Slash Is Making An 80s Style Slasher Movie, Get The Details

Guns N’ Roses icon Slash has finally made the decision that everyone around him should have convinced him to do years ago: he’s going to make a slasher movie. And the film will feature call backs to classic '80s films of the genre like Halloween and Friday the 13th.

According to The Hollywood Reporter, Slash, who used to play guitar for Guns N' Roses, has teamed up with Revolver Picture Company to produce and help bring to fruition a brand new horror movie that hopes to jolt new energy into the genre. And, clearly, Slash has big plans for the project, because, alongside the aforementioned studio, he has hired Brian Sieve to write up the film. Sieve has previously had some luck scribing the likes of Boogeyman 2 and Boogeyman 3, while Revolver Picture Company have been behind the likes of Beneath and Haunt.

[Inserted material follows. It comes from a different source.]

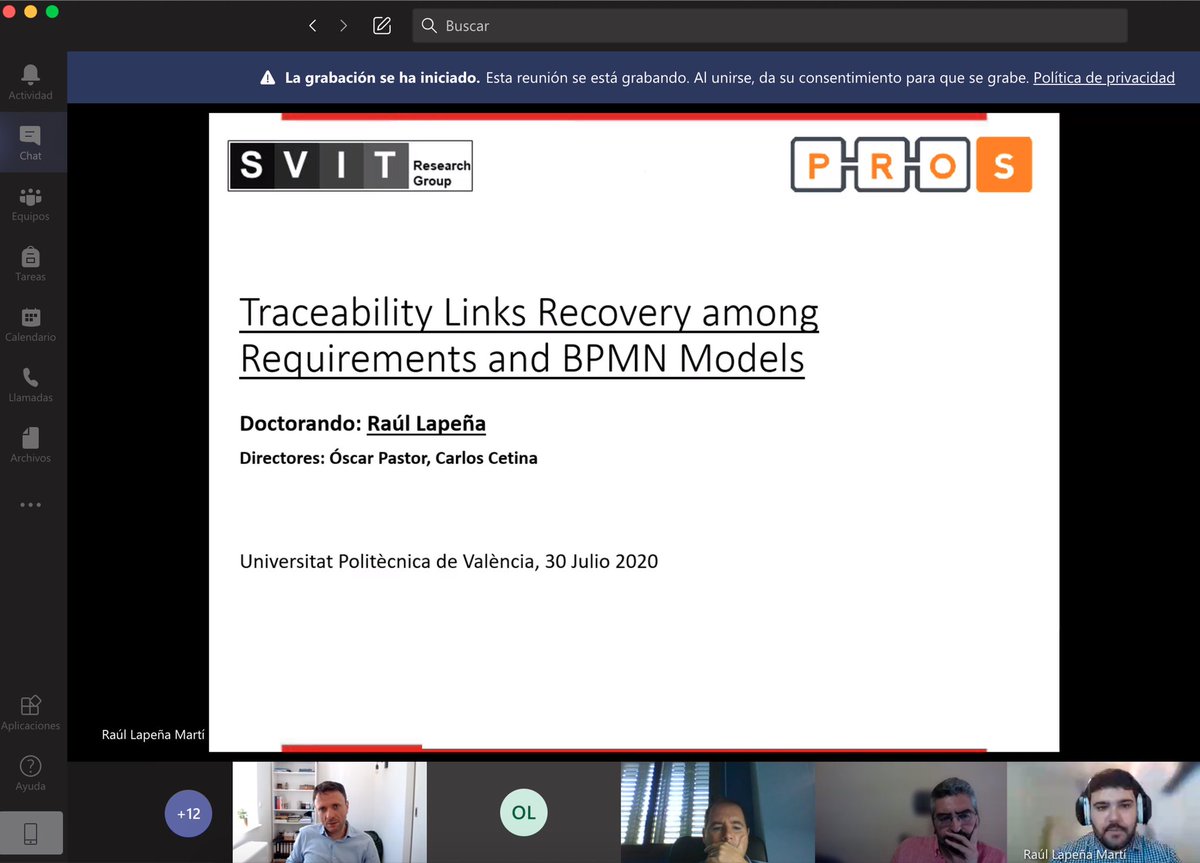 Raúl Lapeña recently defended his PhD thesis ‘Traceability Links Recovery among Requirements and BPMN Models’ at the <a href="/UPV/">Universitat Politècnica de València</a> in Spain. Congratulations! Another step forward for our young research team.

It’s been reported that Brian Sieve has now completed work on the script for the currently untitled horror flick. The problem is though, there’s not too much more to say about the film, because Slash and the studio are keeping its plot under wraps for the time being. However, it has been revealed that the flick will hark back to the likes of Halloween and Friday the 13th, which in the late 1970s and throughout the 1980s helped to define the slasher genre.

But how did Slash become involved in the film business? Well, actually, this isn’t the rocker’s first dance with celluloid. Back in 2013, the axe-man made his debut as a producer on Nothing Left To Fear, which is unsurprisingly another horror movie, while he is also a producer on the upcoming The Hell Within, which has been written by Jeff Buhler and will ultimately be directed by Dennison Ramalho.

Because of Slash’s love of slasher films, Revolver’s Kelly Wagner and Nick Phillips decided to orchestrate a meeting between the trio. Phillips explained,

We knew he was into horror movies so we had a big long dinner. He gets it, from the old Universal classics to the 70s, and yes, excitedly for us, the 80s.

Kelly Wagner then added that their creative relationship was "serendipitous," before Slash explained that the studio’s proposed idea "tied in perfectly with a theme" that he’d been working on for quite a while. Since then, the trio have been hard at work on the film, which has now been brought to fruition by Steve Bieve.

And both Slash and Revolver, who have huge ambitions to become a big player in the horror game, have faith that this film could take the studio to the next level and become a franchise of its own. In fact, while the studio have recently worked on the likes of Beneath, Haunt, Devil’s Backbone, Texas, and the upcoming Pet, they’re hopeful that this will have a larger budget and scope than its predecessors.